Once again, Erik is pushing us all on our earlier posts. He asks me:
Kim: Congress seeking to take credit and shift blame is not unique to financial regulation. It happens all the time in national security. What to do? Are reforms to the legislative process in order? Is it the job of courts to hold Congress’s feet to the fire? Maybe strike down overbroad or vague provisions and send them back to Congress? Or is that too draconian?
Not only is responsibility-shifting legislation not unique to financial regulation, it appears to be relatively less common there. Legislators are reluctant to cede control over policy that permits a narrow tailoring of benefits to constituents (including a narrow tailoring of exemptions from legislation). Most of the time, financial regulation appears to provide exactly these sorts of opportunities.

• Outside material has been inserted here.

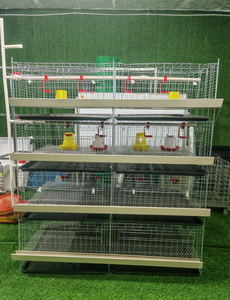 Vente Flash : Cage Verticale d'Élevage de Poussins à Mailles Denses Anti-Pincement et Anti-Escape pour l'Élevage de Jeunes Poulets - Product Image 6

But, as always, there are exceptions. For example, the legislative history of the PSLRA (detailed by Grundfest and Pritchard, as well as by Baker and me) suggests that Congress left the "strong inference" provision of the Private Securities Litigation Reform Act of 1995 strategically incomplete. But, two extremely powerful interest groups--trial lawyers and issuers of securities--were on competing sides of that issue. If possible, rational legislators might go to great lengths (including delegating responsibility to the courts through vague or ambiguous statutory language) to avoid fully alienating either group.
As I noted in my post yesterday, the political conditions leading up to Dodd-Frank were ripe for a responsibility-shifting delegation. The benefits of financial regulation are widely dispersed and barely noticed and a powerful interest group (financial institutions) has an intense interest in the legislative outcome. But, in the wake of the financial crisis, financial regulation has become a high public salience issue, limiting Congressional options. Whether there is similar evidence of responsibility shifting in Dodd-Frank awaits a detailed review of the legislative history.
So, what to do? Few things in life are too draconian for me, as you should know by now, Erik. We develop a three-part test to determine whether a statutory provision is incomplete for strategic reasons, meaning that lawmakers created an intentionally incomplete statute in an attempt to shift responsibility for the negative impacts of law to other governmental branches (the presumption is that they did not). If all three prongs of the test are met, then the court should penalize lawmakers by holding that the provision is so incomplete that it amounts to an unconstitutional delegation of legislative authority. Anyone familiar with non-delegation jurisprudence can easily predict the likelihood (about zero) that the courts would follow this path.
Finally, would I have voted for the Act? If I were a law professor, no, for all of the reasons I mentioned yesterday (sometimes, in my dreams, law professors are invited to vote on important legislation and cases, given free NCAA Final Four tickets, or flown to the Tour de France mountain stages.)
If I were a democratic senator, yes. I would vote for it and give a speech about ending “too big to fail” and restoring American confidence in the financial system. If I were a republican senator, no. I would vote against it and give a speech about how the legislation doesn’t do enough to reign in the big banks or put a stop to Wall Street bailouts.